7racer, I'm going on 4000 miles with the M1 15W50, topped off with 1 qt of 10W30 M1. It's been cold here in Indy, and I'm not up to changing the oil until spring, and planned on changing the filter only...ironically it seems top-off oil and frequent filter changes might be enough according to your link?! With ~$5/qt for M1, and the fact that our 13B REWs burn 1 US qt/1000-miles--requiring a top-off with a new qt of oil every 1000-miles--lends credence to the data found in your link http://neptune.spacebears.com/cars/stories/mobil1.html 15000 mile oil change intervals with four oil filter changes every 3000 miles, and 1 quart-per-thousand miles top-offs might actually work--hell you might never have to change the oil at all with rotaries , so long as you're using full synthetics, and changing the oil filter 4 times per year

Originally posted by 7racer
here is a group of people studying Mobil1 (on the same site they are currently comparing Mobil1 vs.
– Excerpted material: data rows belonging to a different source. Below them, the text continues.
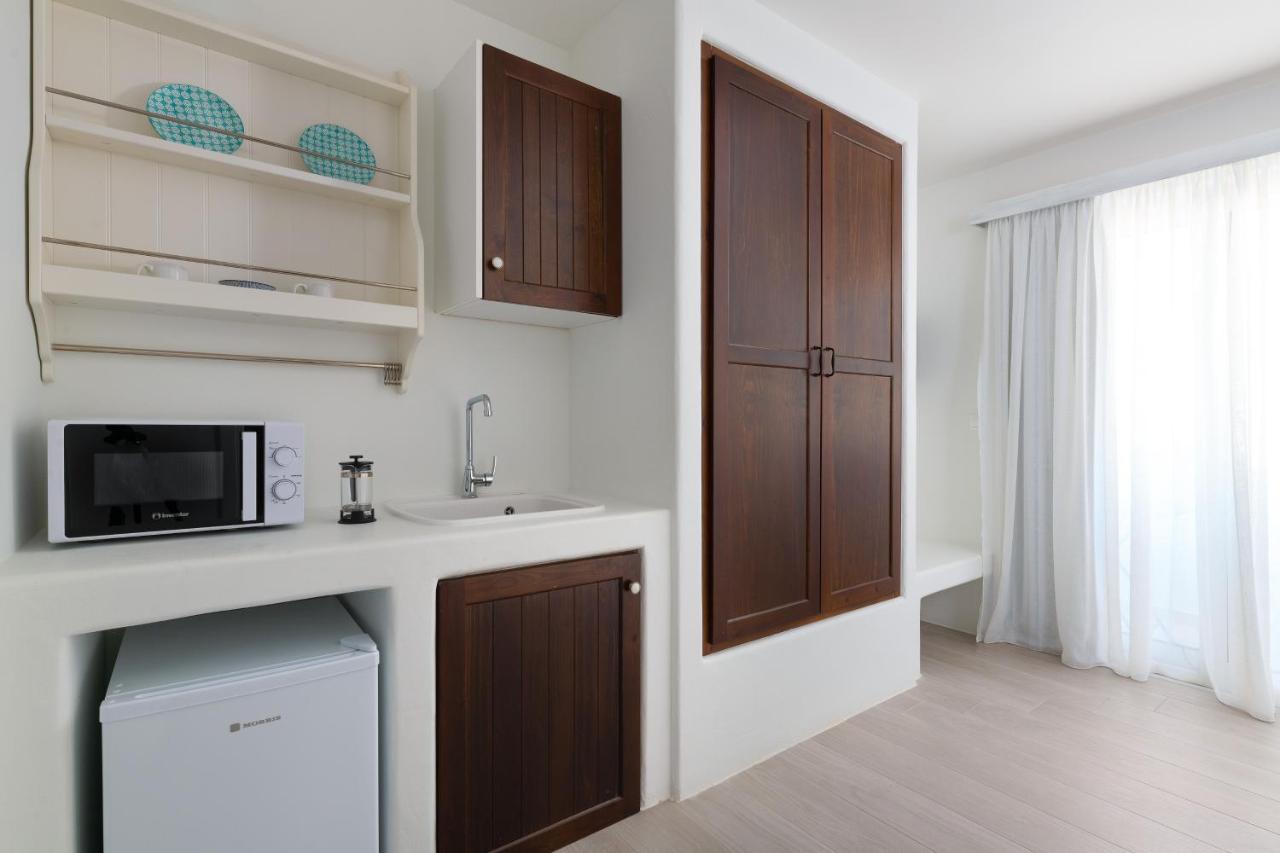 Stegna Akti Luxury Suites Archangelos  Exteriér fotografie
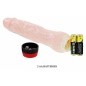 Vibrator Baile Rockin 21.5cm Natural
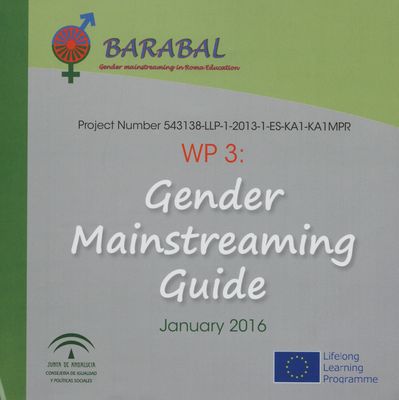 Gender Mainstreaming Guide : january 2016 /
Amsoil)

http://neptune.spacebears.com/cars/stories/mobil1.html

the interesting thing about the analysis of the data and oil is that they concluded 8-15000 miles between changes and that "topping off" the oil and changing the filter was just as good and that changes every 3000 miles actually caused MORE wear on the engine...

Last edited by SleepR1; Dec 29, 2003 at 06:03 PM.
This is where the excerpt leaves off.